Even as I got older and went to college, I didn't really "get" the power of style—fashion or beauty as something that could help you demonstrate your power, personality, and viewpoint. I wasn't really very attuned to the power of being a multifaceted woman, and how different aspects of my personality could intersect (and most importantly, co-exist). I'm still figuring out how to be a nerdy capitalist feminist who loves makeup and science fiction to this day! But I'm more comfortable being all of those things at once now.
How exactly did you get to where you are now, professionally?
I think we all WISH there was a step-by-step process to professional success, but I think it would be hard to ever pinpoint a blueprint that any one person could follow and successfully replicate time and again. Life isn't like that. I think for me, a lot of my ability to pursue my dreams is simply not giving up. Just take Finding Dory; I think the message in the film is that no matter who you are or what you might struggle with, "just keep swimming" is a really effective strategy. So I've kept swimming over the years!
What do you wish you had known then that you know now about having a career?
Don't be a pain in your boss's butt. You may be a super talented and capable human. Most people are, if they find the right fit for their personality and skills (and learn to love themselves for it). But you need to respect that you are part of an organization, even if you are the leader of it, and being the squeaky wheel or creating too much friction in a work environment can be problematic. I'm so lucky that my first real boss, Brian Sugar (the CEO of PopSugar), set me straight fast on this. He once told me that if I wasn't careful, the drama I created would outweigh the value I created for the organization. And you know what? It did. And over time I learned to fix it.
And I'm so grateful for the insight I learned from it, because he delivered it with such kindness, but also in that very "get your act together" way. Make your boss's life easier, not harder. Ask questions, figure out what you need to do to be successful, and then get on with the business of doing it. But remember that you are hired to do a job. So do it, learn to do it better, and then take on as much responsibility as you can. Don't ask for it; just find things that aren't being done and figure out how to do them and then present your results.
What advice about work do you have for teens or for people just starting out?

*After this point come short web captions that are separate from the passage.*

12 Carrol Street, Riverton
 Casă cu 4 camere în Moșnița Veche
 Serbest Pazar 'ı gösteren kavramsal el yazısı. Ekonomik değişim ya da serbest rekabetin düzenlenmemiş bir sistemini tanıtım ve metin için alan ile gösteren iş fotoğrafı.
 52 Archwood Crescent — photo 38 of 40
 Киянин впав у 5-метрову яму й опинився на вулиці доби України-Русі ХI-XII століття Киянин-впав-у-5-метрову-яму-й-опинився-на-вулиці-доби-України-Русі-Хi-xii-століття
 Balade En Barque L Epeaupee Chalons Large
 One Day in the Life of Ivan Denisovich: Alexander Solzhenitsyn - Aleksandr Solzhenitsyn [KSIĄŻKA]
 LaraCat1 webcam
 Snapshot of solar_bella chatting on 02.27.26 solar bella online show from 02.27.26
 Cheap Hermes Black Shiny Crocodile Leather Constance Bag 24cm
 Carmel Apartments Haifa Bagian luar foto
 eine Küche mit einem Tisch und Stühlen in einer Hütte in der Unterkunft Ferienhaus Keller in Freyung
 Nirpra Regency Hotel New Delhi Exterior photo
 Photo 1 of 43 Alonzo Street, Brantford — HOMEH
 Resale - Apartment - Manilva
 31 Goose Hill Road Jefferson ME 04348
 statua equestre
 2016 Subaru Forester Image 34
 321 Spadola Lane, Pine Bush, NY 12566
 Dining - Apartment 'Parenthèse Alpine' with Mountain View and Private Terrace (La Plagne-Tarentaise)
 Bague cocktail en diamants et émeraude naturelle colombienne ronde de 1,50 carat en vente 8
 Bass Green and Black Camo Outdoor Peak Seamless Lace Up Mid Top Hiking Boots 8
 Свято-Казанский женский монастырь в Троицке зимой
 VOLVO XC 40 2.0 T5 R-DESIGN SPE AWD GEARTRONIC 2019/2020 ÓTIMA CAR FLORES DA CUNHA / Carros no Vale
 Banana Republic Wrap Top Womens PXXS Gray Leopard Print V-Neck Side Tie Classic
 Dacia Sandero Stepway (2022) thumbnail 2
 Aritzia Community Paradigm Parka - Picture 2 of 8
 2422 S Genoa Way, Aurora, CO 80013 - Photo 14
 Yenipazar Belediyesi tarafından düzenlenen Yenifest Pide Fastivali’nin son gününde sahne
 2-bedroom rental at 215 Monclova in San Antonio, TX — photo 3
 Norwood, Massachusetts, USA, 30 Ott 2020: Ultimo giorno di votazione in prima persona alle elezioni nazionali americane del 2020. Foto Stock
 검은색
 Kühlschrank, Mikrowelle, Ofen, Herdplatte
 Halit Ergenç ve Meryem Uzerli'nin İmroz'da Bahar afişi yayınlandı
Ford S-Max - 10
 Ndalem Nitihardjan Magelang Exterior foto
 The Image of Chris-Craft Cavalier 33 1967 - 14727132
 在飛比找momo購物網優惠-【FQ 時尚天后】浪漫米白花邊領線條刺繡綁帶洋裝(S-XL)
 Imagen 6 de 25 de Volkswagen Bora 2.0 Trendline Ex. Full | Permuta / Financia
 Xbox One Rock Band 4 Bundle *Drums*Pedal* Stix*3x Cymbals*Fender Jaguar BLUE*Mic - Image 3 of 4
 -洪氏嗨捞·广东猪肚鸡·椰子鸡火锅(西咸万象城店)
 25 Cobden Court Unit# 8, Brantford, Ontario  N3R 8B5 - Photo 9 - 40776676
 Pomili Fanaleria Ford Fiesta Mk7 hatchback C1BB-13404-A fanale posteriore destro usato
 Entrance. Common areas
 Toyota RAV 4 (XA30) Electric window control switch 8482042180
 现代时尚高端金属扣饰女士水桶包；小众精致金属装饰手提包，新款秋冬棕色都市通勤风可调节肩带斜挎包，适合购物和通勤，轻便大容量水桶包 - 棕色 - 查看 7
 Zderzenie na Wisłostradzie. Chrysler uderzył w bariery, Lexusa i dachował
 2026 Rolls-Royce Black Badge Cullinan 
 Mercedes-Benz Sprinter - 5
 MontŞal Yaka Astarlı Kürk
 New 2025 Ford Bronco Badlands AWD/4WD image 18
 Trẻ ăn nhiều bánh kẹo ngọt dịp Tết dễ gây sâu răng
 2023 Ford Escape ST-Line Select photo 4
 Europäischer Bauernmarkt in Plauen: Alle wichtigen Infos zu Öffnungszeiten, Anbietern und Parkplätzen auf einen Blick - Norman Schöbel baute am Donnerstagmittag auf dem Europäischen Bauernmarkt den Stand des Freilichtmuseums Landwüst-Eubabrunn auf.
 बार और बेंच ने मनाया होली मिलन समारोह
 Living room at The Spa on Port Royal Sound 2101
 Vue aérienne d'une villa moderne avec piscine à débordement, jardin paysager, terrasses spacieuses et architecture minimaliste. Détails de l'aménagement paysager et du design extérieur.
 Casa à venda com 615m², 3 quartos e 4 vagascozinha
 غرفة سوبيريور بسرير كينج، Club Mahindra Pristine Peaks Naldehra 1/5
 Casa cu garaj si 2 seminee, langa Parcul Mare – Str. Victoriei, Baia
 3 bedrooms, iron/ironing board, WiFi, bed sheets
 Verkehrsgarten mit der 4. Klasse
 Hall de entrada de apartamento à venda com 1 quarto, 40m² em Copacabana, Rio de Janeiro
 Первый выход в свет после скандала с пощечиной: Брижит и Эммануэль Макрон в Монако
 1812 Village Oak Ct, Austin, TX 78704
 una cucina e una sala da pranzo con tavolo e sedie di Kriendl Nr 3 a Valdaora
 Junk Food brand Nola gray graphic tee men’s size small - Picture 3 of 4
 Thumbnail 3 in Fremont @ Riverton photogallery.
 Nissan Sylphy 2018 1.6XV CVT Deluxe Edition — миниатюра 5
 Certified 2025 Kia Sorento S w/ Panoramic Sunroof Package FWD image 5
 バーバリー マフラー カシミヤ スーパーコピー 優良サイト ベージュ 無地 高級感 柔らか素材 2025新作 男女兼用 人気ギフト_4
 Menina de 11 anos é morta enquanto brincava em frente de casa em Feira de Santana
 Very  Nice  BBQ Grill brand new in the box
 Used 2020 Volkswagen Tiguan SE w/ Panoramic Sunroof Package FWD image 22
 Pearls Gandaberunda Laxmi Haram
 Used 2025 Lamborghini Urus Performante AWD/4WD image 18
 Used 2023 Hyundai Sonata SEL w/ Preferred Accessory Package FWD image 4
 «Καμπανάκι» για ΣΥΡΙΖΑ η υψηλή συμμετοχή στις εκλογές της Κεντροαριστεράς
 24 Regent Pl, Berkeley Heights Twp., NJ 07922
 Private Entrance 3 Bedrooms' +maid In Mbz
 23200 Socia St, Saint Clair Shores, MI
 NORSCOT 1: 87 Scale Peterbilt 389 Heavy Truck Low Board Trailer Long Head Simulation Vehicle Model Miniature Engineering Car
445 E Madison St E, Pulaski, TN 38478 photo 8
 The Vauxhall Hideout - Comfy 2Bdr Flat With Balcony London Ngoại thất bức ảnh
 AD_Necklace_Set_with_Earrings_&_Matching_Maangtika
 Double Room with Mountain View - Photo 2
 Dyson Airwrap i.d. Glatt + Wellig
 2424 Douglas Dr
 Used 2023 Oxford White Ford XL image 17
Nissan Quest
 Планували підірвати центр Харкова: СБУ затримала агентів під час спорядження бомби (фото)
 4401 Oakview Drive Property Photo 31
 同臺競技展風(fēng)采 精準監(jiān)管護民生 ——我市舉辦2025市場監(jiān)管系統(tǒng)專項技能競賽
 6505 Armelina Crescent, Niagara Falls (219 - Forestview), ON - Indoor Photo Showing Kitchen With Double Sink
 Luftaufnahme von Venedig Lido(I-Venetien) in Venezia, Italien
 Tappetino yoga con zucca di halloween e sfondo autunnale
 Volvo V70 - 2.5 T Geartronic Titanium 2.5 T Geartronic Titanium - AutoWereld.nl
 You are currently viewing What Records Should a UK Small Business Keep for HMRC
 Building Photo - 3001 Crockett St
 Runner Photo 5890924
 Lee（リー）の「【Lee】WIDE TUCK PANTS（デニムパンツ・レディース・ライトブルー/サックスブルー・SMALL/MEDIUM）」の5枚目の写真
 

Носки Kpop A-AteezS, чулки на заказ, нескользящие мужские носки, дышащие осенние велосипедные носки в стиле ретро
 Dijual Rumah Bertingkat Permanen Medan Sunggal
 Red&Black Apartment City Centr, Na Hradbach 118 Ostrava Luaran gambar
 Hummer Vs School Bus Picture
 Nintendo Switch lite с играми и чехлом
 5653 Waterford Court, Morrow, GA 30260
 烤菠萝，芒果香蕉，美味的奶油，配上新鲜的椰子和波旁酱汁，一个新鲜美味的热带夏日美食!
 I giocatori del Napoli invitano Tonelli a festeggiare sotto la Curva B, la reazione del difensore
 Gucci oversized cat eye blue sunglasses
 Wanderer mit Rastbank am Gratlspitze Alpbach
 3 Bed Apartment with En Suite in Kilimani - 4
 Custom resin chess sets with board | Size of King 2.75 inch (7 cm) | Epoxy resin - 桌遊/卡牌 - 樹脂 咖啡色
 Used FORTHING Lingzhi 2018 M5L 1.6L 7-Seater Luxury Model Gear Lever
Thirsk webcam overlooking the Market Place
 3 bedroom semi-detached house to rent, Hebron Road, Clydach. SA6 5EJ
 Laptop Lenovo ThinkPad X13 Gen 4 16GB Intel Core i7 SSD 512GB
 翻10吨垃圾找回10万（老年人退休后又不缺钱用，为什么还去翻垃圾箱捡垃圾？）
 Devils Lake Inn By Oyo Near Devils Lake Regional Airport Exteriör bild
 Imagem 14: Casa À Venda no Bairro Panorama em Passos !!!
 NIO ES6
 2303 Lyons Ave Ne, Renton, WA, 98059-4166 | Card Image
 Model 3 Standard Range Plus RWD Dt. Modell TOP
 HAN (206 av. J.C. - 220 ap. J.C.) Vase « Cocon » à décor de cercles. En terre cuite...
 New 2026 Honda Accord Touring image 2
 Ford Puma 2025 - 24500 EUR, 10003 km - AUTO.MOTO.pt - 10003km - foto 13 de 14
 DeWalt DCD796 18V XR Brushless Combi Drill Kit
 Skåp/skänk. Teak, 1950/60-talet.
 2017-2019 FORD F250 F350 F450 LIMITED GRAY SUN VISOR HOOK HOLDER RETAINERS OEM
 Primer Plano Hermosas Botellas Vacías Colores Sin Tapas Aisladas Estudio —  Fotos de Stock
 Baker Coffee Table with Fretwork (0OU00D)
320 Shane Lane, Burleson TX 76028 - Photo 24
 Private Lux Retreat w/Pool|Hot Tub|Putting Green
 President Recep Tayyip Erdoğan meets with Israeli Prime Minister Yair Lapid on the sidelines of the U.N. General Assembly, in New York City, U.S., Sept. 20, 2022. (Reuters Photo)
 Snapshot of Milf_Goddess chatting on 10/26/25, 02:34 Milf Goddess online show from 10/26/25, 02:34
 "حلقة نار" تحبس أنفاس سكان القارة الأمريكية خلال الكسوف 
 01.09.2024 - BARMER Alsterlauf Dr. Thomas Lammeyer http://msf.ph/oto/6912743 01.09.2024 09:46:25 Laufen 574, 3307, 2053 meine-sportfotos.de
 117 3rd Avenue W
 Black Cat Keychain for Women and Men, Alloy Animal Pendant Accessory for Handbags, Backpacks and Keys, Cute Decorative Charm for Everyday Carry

Make like Rihanna and work work work work work! (Or if you prefer Britney Spears, you better work, b*tch.) I really enjoyed two articles that are a little grown-up in nature, but I think they reflect my basic work ethic. One is "Six Harsh Truths About the World" and the other is from investor Jason Calacanis on leveling up your skills and succeeding faster than anyone else around you.
Anything else you’d like to add?
Don't freak out too much about any one thing! Life is short, and no mistake is ever that bad in the long run. Learn to be yourself, be confident in who you are and be serious about getting better at what you want in life.